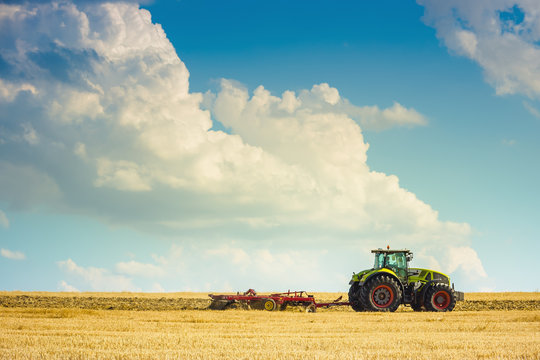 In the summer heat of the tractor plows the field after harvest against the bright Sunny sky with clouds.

------------------------------------------------------------------------

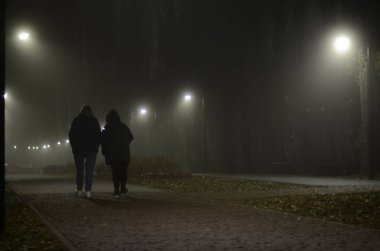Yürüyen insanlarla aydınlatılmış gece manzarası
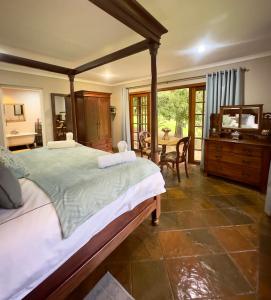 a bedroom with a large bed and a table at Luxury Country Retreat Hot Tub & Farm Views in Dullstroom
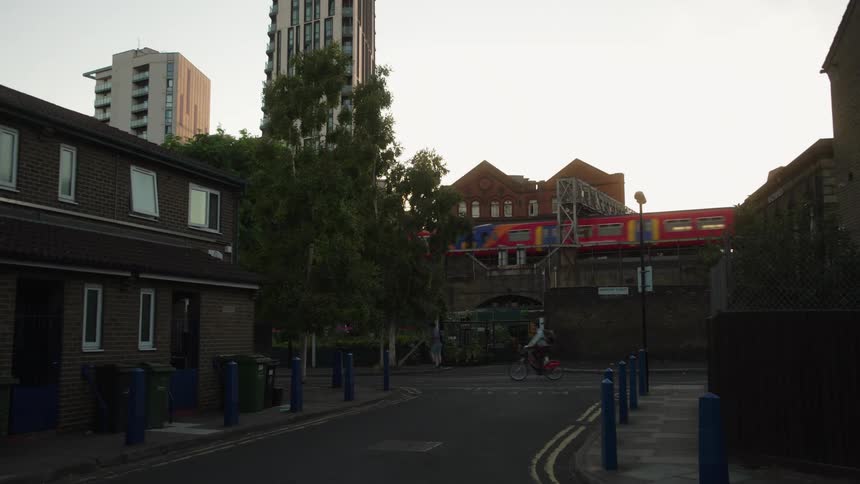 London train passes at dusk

------------------------------------------------------------------------

### YOUR ASSIGNMENT
Every line above between the one containing "Yürüyen insanlarla aydınlatılmış" and the one containing "London train passes at dusk", those two included, is to be printed exactly. No pictures go into the copy.

### RESULT OF THIS TASK
Yürüyen insanlarla aydınlatılmış gece manzarası
 a bedroom with a large bed and a table at Luxury Country Retreat Hot Tub & Farm Views in Dullstroom
 London train passes at dusk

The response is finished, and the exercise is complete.